Et elle était tombée sur lui. Sur cet homme qui ouvrait justement la porte de sa chambre.
Mais la substance que Calvin lui avait administrée n'était pas un simple sédatif. C'était un aphrodisiaque puissant, qui avait enflammé chaque cellule de son corps, brûlé toute résistance, effacé toute prudence. Sur le moment, tout avait semblé logique, inévitable, presque naturel. Maintenant, à la lumière froide du matin, tout lui apparaissait dans toute son horreur.
Une douleur aiguë lui vrilla les tempes tandis que les souvenirs continuaient d'affluer.
- Non... Comment est-ce que c'est possible ?
- Ça vous revient, n'est-ce pas ? dit Alex avec un sourire en coin. C'est vous qui suppliiez.
- Taisez-vous ! répliqua-t-elle sèchement, le visage cramoisi de honte et de colère mêlées.
Sous l'emprise de cette drogue, elle n'avait plus été elle-même. Elle le savait. Mais cette certitude ne rendait pas les choses moins insupportables - bien au contraire.
- Écoutez, reprit Alex d'un ton sincère, comme s'il mesurait le poids de ce qu'il s'apprêtait à dire. Je suis un homme d'honneur. Ce qui s'est passé cette nuit... je ne le prends pas à la légère. Je vous ai pris quelque chose d'irremplaçable. Alors je vous propose de réparer ça correctement. Épousez-moi.
Sophia le dévisagea un long moment, partagée entre l'incrédulité et l'écœurement.
- M'épouser ? Vous savez seulement qui je suis ?
Elle était l'une des femmes les plus en vue de Vancouver - jeune, brillante, à la tête d'une entreprise florissante, courtisée par des hommes riches et influents qui n'auraient jamais osé lui parler sur ce ton. Et voilà que cet inconnu sans le sou, avec son sac militaire et ses cicatrices, prétendait lui faire la grâce de l'épouser ? Il cherchait visiblement à profiter de la situation pour s'accrocher à elle, à se hisser dans un monde qui n'était pas le sien sur le dos de sa réussite.
- Je viens tout juste d'arriver à Vancouver, admit Alex sans se démonter. Je ne connais encore personne ici. Mais croyez-moi sur parole : si vous devenez ma femme, vous ne manquerez jamais de rien.
Sophia laissa échapper un rire bref et sans humour.
- Avec votre vieux sac militaire ? Avec ces cicatrices plein le corps ? Vous êtes un soldat, c'est évident - un simple soldat tout juste rentré du front. Votre salaire mensuel ne couvrirait même pas mes dépenses d'une seule journée. Et vous osez me parler de mariage ?

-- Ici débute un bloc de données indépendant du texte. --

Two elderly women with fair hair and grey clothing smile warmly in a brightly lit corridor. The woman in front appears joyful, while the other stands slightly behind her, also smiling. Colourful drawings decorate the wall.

Sa fureur était palpable, presque tangible dans l'air de la chambre.
- Quelle impudence.
Alex soutint son regard sans ciller, la voix basse, posée, portant une certitude tranquille et absolue qui contrastait avec tout ce que Sophia pensait savoir de lui.
- Je ne suis pas ce que vous croyez, dit-il simplement. Je suis bien plus puissant que n'importe quel homme que vous ayez jamais rencontré.